You need a written prescription for these medicines. A short-acting opioid, which relieves breakthrough pain quickly, is often used with a long-acting opioid for chronic pain.

For tingling and burning pain

Antidepressants: Amitriptyline, nortriptyline, and desipramine.

You need a prescription for these medicines. Antidepressants are also prescribed to relieve some types of pain. Taking an antidepressant does not mean that you are depressed or have a mental illness.

Anti-convulsants (anti-seizure medicines): Carbamazepine, gabapentin, and phenytoin

You need a prescription for these medicines. Despite the name, anti-convulsants are used not only for convulsions, but also to control burning and tingling pain.

For pain caused by swelling or pressure

Steroids: Prednisone, dexamethasone.

You need a prescription for these medicines. They are used to lessen swelling, which often causes pressure and pain.

How is pain medicine given?

Some people think that if their pain becomes severe, they will need to get injections or “shots” of pain medicine. In fact, shots are rarely given to relieve cancer pain. There are many other ways you can take pain medicine.

* Oral — means the drug is taken by mouth, either by being swallowed or melted in the mouth. Medicine is given as a liquid, pill, capsule, or in transmucosal form (lozenge or “sucker” where the drug absorbs directly from the mouth).

* Skin patch — a clear, bandage-like patch placed on the skin, which slowly but continuously releases the medicine through the skin for 2 to 3 days. This form of medicine is less likely to cause nausea and vomiting.

* Rectal suppositories — medicine that dissolves in the rectum and is absorbed by the body.

* Injections

Subcutaneous (SC) injection — medicine is placed just under the skin using a small needle.

Intravenous (IV) injection — medicine goes directly into the vein through a needle, port, or catheter.

Intrathecal and epidural injections — medicine is placed directly into the fluid around the spinal cord (intrathecal) or into the space around the spinal cord (epidural).

* Pump, or patient-controlled analgesia (PCA) — with this method, you can help control the amount of pain medicine you take. When you need pain relief, you can press a button to get a pre-set dose of pain medicine through a computerized pump that is connected to a small tube going into your body.
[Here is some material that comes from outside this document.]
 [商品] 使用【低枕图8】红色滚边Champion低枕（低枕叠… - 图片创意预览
The medicine is injected into a vein (intravenously), just under the skin (subcutaneously), or into the area around the spine.
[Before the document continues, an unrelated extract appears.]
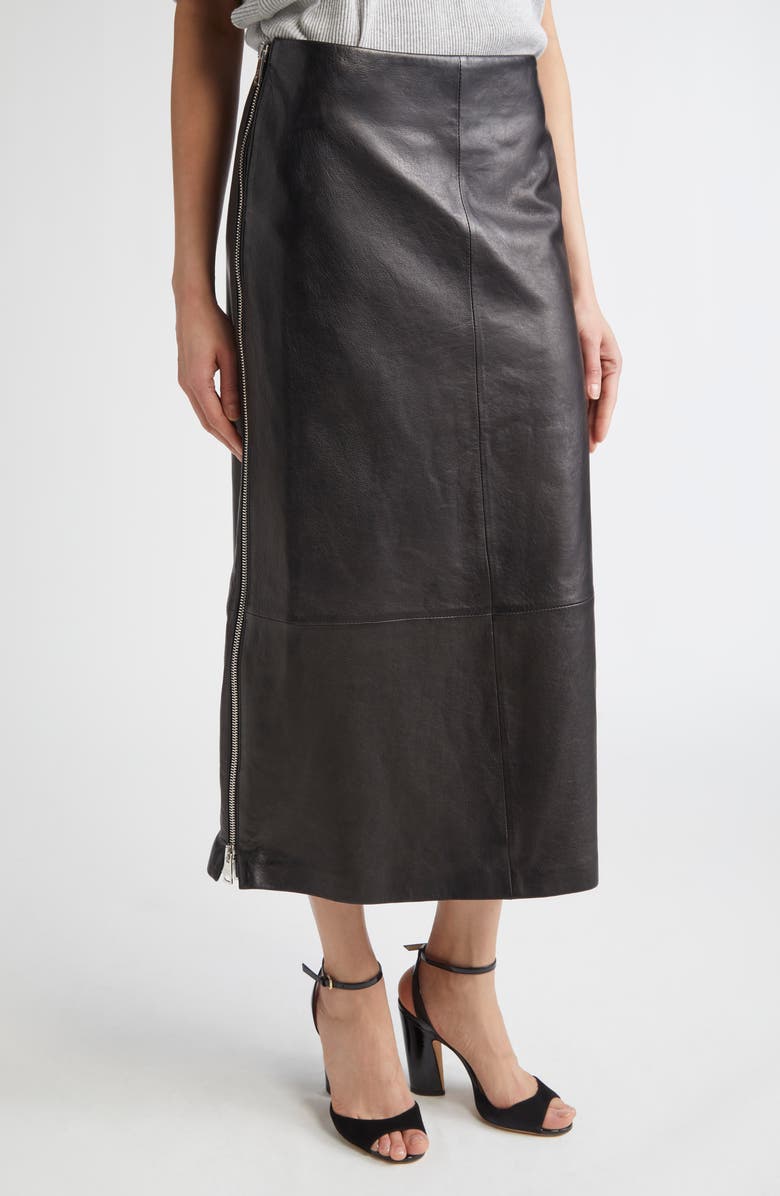 Brandon Maxwell Leather Midi Skirt, Main, color, Black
What are the side effects of pain medicine?

All drugs have side effects and pain killers are no exception.Each type of pain medicine however has its own peculiar side effects, even those that you can buy over the counter.
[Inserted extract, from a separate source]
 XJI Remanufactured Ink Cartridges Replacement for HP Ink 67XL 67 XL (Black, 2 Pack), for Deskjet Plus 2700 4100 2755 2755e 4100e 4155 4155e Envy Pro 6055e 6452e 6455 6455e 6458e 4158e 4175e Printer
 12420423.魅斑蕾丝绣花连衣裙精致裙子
-Some, such as aspirin or ibuprofen (and others in that family of drugs) can cause stomach irritation, or even bleeding from ulcerations, and should be taken with food.

-Many side effects from opioid pain medicine can be prevented. Constipation, for instance, is easier to prevent than to treat. Most doctors will start you on a plan to prevent constipation at the same time they start your opioid pain medicines. Some mild side effects such as nausea, itching, or drowsiness, often go away without further treatment after a few days, as your body adjusts to the medicine. Let your doctor or nurse know if you are having any side effects and ask for help in managing them.

-More serious side effects of pain medicine are rare. As with the more common ones, they often happen in the first few hours of treatment. These serious side effects are: difficulty in breathing,dizziness, and rashes. If you have any of these side effects, you should call your doctor right away.

You should avoid taking medicines to calm you down (sedatives or tranquilizers), alcohol, or take sleeping pills, when you are on opoids as you raise your risk of serious side effects from opioids.Taking opoids and these other drugs has led to the deaths of some people. Make sure you discuss with your doctor before you start taking opioids for pain.

Also the use of aspirin, ibuprofen, and other NSAIDs are contraindicated{should be avoided totally} when you are having chemotherapy. If you are on mesothelioma chemotherapy make sure you discuss with your doctor before you take non-prescription pain relievers.